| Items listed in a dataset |
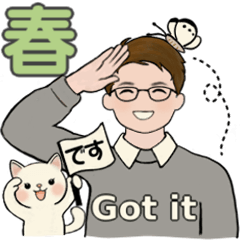 男性に使ってほしいスタンプ ☆ ほっこり春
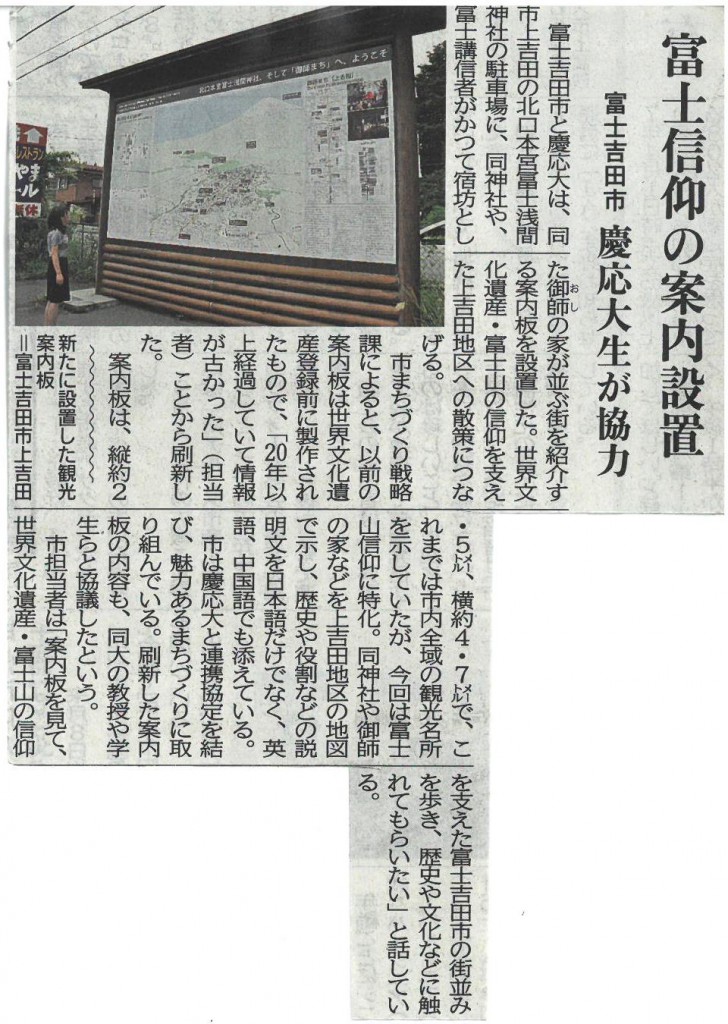 yama0914a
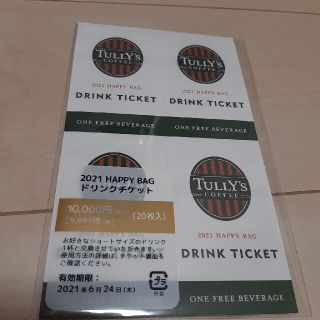 タリーズコーヒー(TULLY'S COFFEE)のタリーズ福袋2021 ドリンクチケット20枚(フード/ドリンク券)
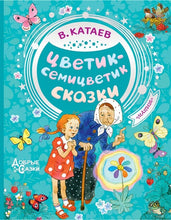 Charger l'image dans la galerie, ЦВЕТИК-СЕМИЦВЕТИК. СКАЗКИ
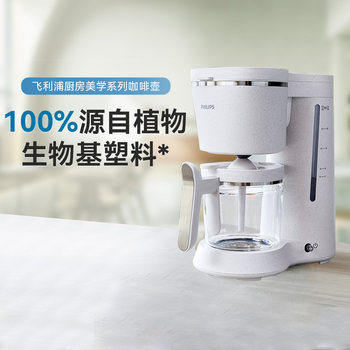 Philips Hd5120 Household Fully Automatic American Drip Coffee Maker Small Office Commercial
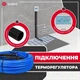 Електрична тепла підлога Valmi 1 м²-1,2м² /200Вт (10м) тонкий гріючий кабель під плитку 20 Вт/м з програмованим терморегулятором Е51 - зображення 7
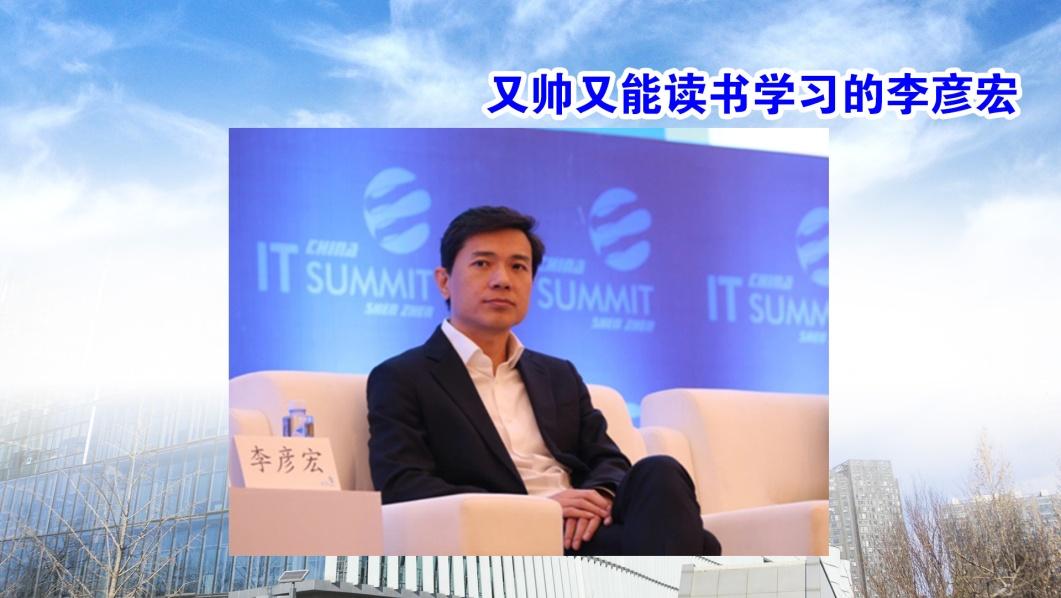 安婕妤上市,变化、学习与自信的力量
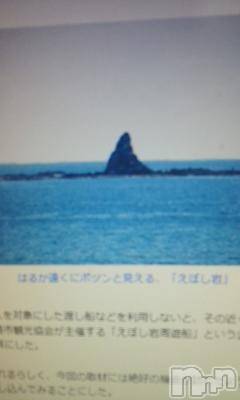 上越風俗エステ上越風俗出張アロママッサージ(ジョウエツフウゾクシュッチョウアロママッサージ) さくら☆(36)の4月25日写メブログ「烏帽子岩」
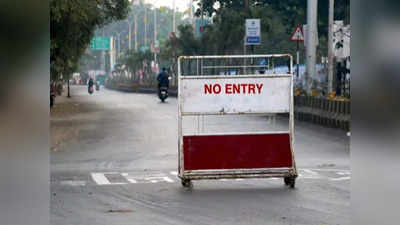 Lockdown in India: করোনার ভয়ে দেশে এক সপ্তাহ লকডাউন? আপনি জানুন Fact Check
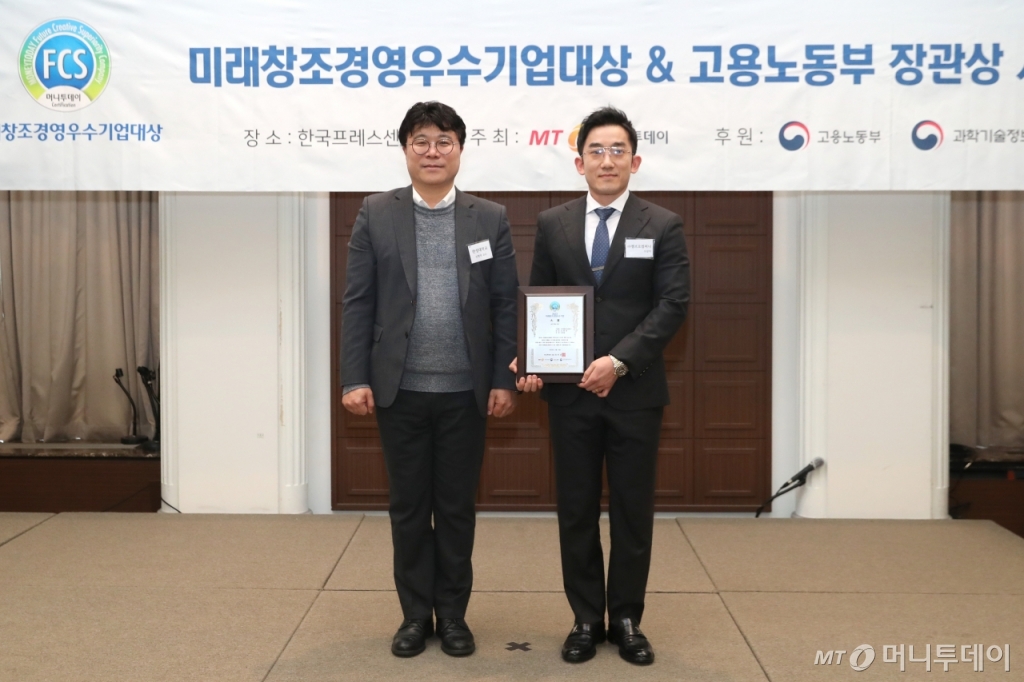 미래경영컴퍼니 이미지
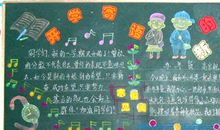 新学期黑板报（4）_20字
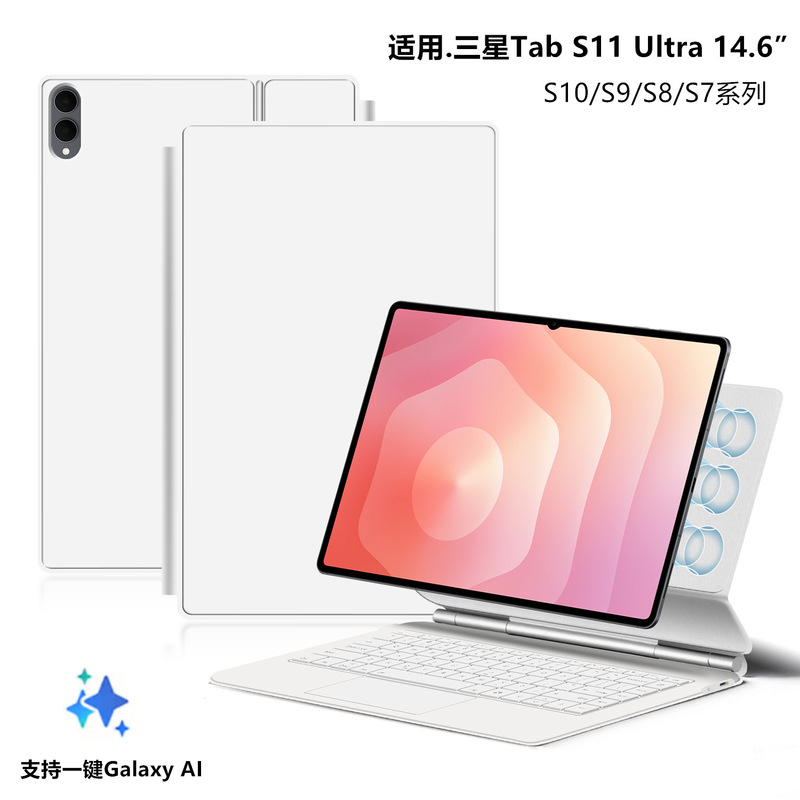 Suitable for Samsung Tab Tablet Magic Keyboard with Keyboard Film Bluetooth 3.0 S11 Ultra14.6 S10 Fe Suitable for Samsung Tab Tablet Magic Keyboard with Keyboard Film Bluetooth 3.0 S11 Ultra14.6 S10 Fe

| TASK |
The result should be a word-for-word restatement of all the data, without images.

| WRITTEN SOLUTION |
 男性に使ってほしいスタンプ ☆ ほっこり春
 yama0914a
 タリーズコーヒー(TULLY'S COFFEE)のタリーズ福袋2021 ドリンクチケット20枚(フード/ドリンク券)
 Charger l'image dans la galerie, ЦВЕТИК-СЕМИЦВЕТИК. СКАЗКИ
 Philips Hd5120 Household Fully Automatic American Drip Coffee Maker Small Office Commercial
 Електрична тепла підлога Valmi 1 м²-1,2м² /200Вт (10м) тонкий гріючий кабель під плитку 20 Вт/м з програмованим терморегулятором Е51 - зображення 7
 安婕妤上市,变化、学习与自信的力量
 上越風俗エステ上越風俗出張アロママッサージ(ジョウエツフウゾクシュッチョウアロママッサージ) さくら☆(36)の4月25日写メブログ「烏帽子岩」
 Lockdown in India: করোনার ভয়ে দেশে এক সপ্তাহ লকডাউন? আপনি জানুন Fact Check
 미래경영컴퍼니 이미지
 新学期黑板报（4）_20字
 Suitable for Samsung Tab Tablet Magic Keyboard with Keyboard Film Bluetooth 3.0 S11 Ultra14.6 S10 Fe Suitable for Samsung Tab Tablet Magic Keyboard with Keyboard Film Bluetooth 3.0 S11 Ultra14.6 S10 Fe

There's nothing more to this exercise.